Dear Ira: Tiny True Stories #1
Welcome!
Hello and welcome to the first edition of Tiny True Stories! I’m so glad you’re here. If you’re here from my Harry Potter tour days, hello! I’m so happy to see you! I’ve just moved over to Substack with a new title; everything else is the same.
A quick intro to what to expect! (In future newsletters I promise to keep it tight.) Each month, I'll be sending you monthly original tiny true stories (about 700 words or, often, much less), along with little letters of recommendation—books, quotes I’ve loved, news I love to hate, art, music, you get it.
Why?
I started this newsletter because I’m tired. Living in the world feels exhausting, with disaster at every corner. I’ve always been drawn to writing short pieces, and right now, they feel exactly right. So much of nonfiction is the big story. We spend our lives waiting for the big story. But much of our lives are not lived in these big stories. Most of us live our lives between and within to-do lists. We grade papers, we attend meetings, we take our children to school, we scroll on our phones while watching Netflix on the couch, we wish we were spending our one precious life a little more loudly.
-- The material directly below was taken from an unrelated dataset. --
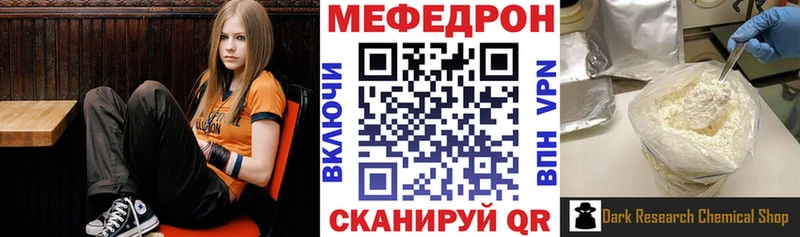 МЯУ-МЯУ мука  где купить   Ачхой-Мартан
I love looking at those forgotten, small parts of our lives that seem unworthy of stories and finding stories anyway. The lists, phone calls, emails, various piles of laundry, unwashed dishes, rumpled blanket, errant Legos, stack of unread books, stack of unread mail, the steaming cup of coffee, the cold cup of coffee: each of these is a still life. Yes, we hope for our lives to be big, exciting. But this routine is where we live. Of course it contains stories. Everything comes back to this. The everydayness of your life is worth contemplation. It is ordinary, extraordinary, just as it is. The world is brutal; we are tired; I hope I can share some small beauties in spite of it.
Today’s Tiny True Story
Sometimes my writing comes easier as letters. I’ve always been an introvert, and don’t love talking to strangers. But on the page, it almost feels easier to be truthful to a kind stranger than to be truthful with yourself.
So here’s your first tiny true story! An unsent letter to my friend Ira Sukrungruang, who I don’t think subscribes to this, but who taught a brilliant seminar where I wrote this.
Dear Ira,
I didn’t sleep well last night even though I should have. The baby is sick (not THAT kind of sick, though of course that fear is a river running through me at all times, forever), and my body kept me up and ready, even though she didn’t need me. I used to count, like you, when I couldn’t sleep, backward from 1,000. It sometimes worked, but sometimes I would get down into 700s or 500s and it was too depressing to think of how deep the numbers could go.
Instead, I now think of drawing an outline around my body. It’s a white, luminous line, and the cultural significance of a body outline is there, I’m sure, but I try not to think too hard about that. It helps me to follow the line around the curve of my elbows, the space under my armpit, around my ribs, my knee bent at 90 degrees like a flamingo, and my daughter sleeping the same exact way the next room over. It helps me to think of the space we take up, to make my brain go forward, forward, treating my body with love, even if I am only ending up in a circle. There is comfort in knowing where you will end up.
Ira, how do we sustain this kind of love forever? Some days I’m not sure if I can. Some nights I get distracted from the outline and instead can only think of my daughter—not horrible things (though sometimes those, too), but magic things, her body like a lighthouse when she points to a rose and asks to smell it, when she loves the shape of a bedraggled orange cone on the side of the road, when I cannot find parking but she calls from the backseat, “P!” when she sees the blue parking sign, so happy to know what’s ahead.
Dear Ira, what outlines will our lives take? What outlines will our children’s lives take? How can we keep going, how can we sleep, when we can’t see what the shape will become, only what’s right here in front and the line behind, where we have been? The question is so big, Ira, and now the rice is boiling over because I forgot I was cooking while I wrote this and for once it feels a little good to forget, to let the mind rest somewhere gentle, and right now what’s ahead is rice for dinner, cooked fine despite boiling over, and I will go and turn the heat down, five, four, three, two, one.
Today’s Letters of Recommendation
Hiding an entire bag of Pirate’s Booty from your toddler and eating it all yourself.
Ingrid Rojas Contreras’s memoir about family, memory, the porousness of reality, and storytelling, The Man Who Could Move Clouds. She writes about her amnesia after a car accident:
Forgetting everything, entirely, was freedom. Amnesia was abundance. The hours lengthened into a certain timelessness, during which a ray of sunlight, never experienced before, was crowned in gold. I forgot myself. On my knees, I followed the ray of light as it cut across my apartment. I stared at the spot where the light met the dark, and in a second I’d rename it: border, grace. Everything was new. My daily labor was the act of naming. I raged with a happiness I have not since and will never again feel.
As my memory returned, piece by piece, I grieved. If amnesia was weightlessness, then the opposite was true: every path taken, every word said, every knowledge discovered, every emotion lived—all of it—came back to me with a manifest weight. The narrowing of a life is gravity. Memory is burden. I mourned every ounce of memory returned.